UnitedHealth’s Stephen Hemsley joins a long tradition of former chief executives returning to lead their companies through a crisis. The record of other “boomerang” CEOs suggests he faces a tricky challenge.
UnitedHealth tapped its 72-year-old chairman and former CEO to help the health-insurance giant recover from a series of business challenges, including federal investigations and the fallout from the shooting death of a top executive. Hemsley, who led UnitedHealth for more than a decade until 2017, follows other executives in making a repeat run, including Disney’s Bob Iger, Starbucks’s Howard Schultz and UBS’s Sergio Ermotti.
Corporate boards bring back former CEOs in difficult times for good reason: They often understand the company inside and out and can capitalize on lingering goodwill and relationships throughout the organization. Many companies believe relying on a tried-and-true leader is a faster path to a turnaround than hiring someone who might need months to get up to speed.
“When you take a returning general, they hit the ground running and take command,” said Jeffrey Sonnenfeld, a professor at the Yale School of Management. Hemsley, he added, “knows where everything’s buried in the place.”
Yet success is far from assured. Executive recruiting firm Spencer Stuart studied the performance of boomerang leaders appointed at S&P 500 companies since 2010. The stocks of companies that permanently appointed their former CEOs averaged an annual 3% decline in shareholder return during the leader’s second stint, compared with a 7% annual increase the first time, Spencer Stuart found.
Some returning leaders find their old playbooks no longer work against a new set of challenges, or they underestimate the problems lurking within the organization, said Jim Citrin, who leads Spencer Stuart’s CEO practice. Plenty of returning CEOs stumble in re-creating their old magic because they must contend with a vastly different business environment.
“The company is in such a challenged state,” Citrin said.
Procter & Gamble brought A.G. Lafley out of retirement in 2013 to reignite sales growth after he more than doubled P&G’s revenue and market value in his first term.
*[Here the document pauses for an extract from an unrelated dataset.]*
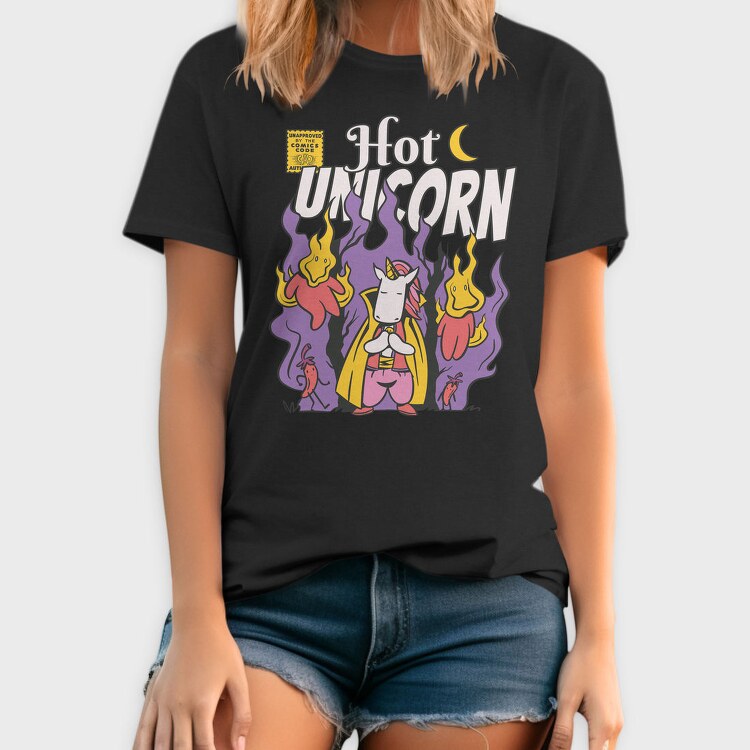 Hot Unicorn Cartoon, Tricou Barbati (Unisex)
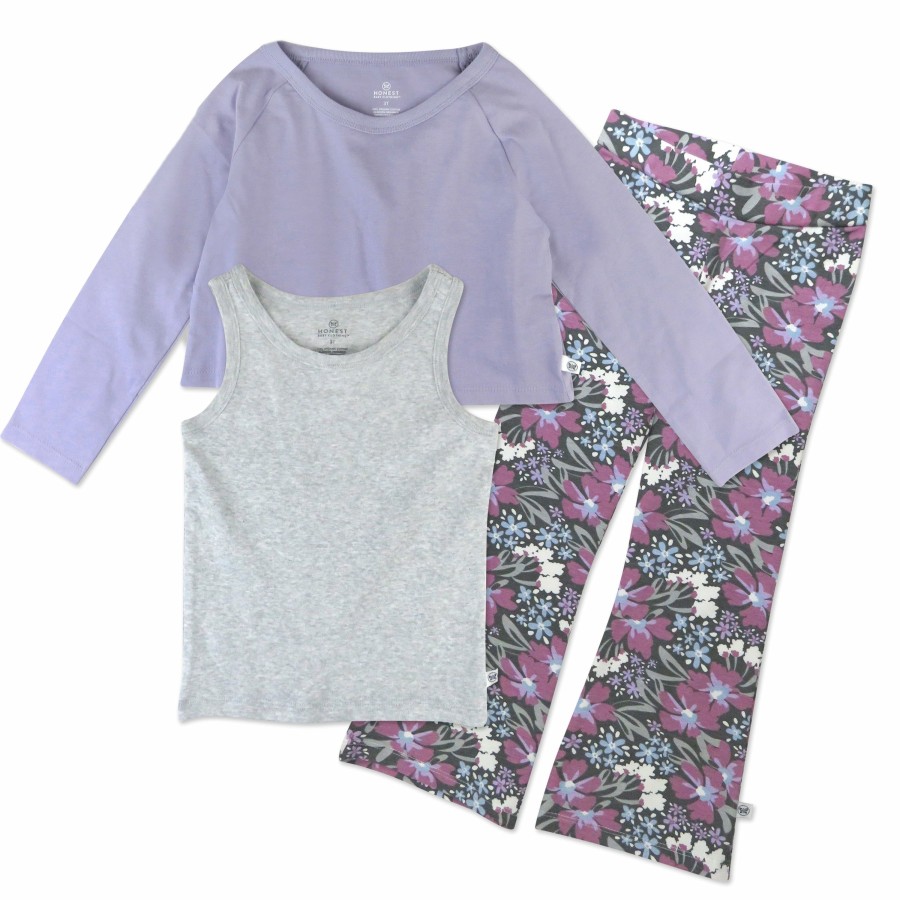 Toddler (2-5T) Honest Baby Clothing | Toddler 2-Piece Novelty Top With Flare Leg Bottom Jumbo Floral Dusty Purple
Back in the top spot, he cut thousands of jobs and announced more than $20 billion in divestitures from brands such as Duracell batteries and Clairol hair dye.
Still, P&G faced tepid sales growth and a sluggish share price during his second stint. Some P&G executives noted he traveled less frequently to P&G’s operations outside the U.S. and was impatient with the company’s slow-moving culture. A P&G spokesman said at the time that Lafley was focused on eliminating barriers to growth and that business conditions were much different his second time around.
“Returning CEOs need to familiarize themselves with the changes that took place in their absence,” Lafley wrote in a 2022 Wall Street Journal opinion column titled “A Two-Time CEO’s Advice to Disney’s Bob Iger,” when Iger had just been appointed to return as CEO. “A lot happened during my three years away from P&G. Consumer needs and wants had shifted.”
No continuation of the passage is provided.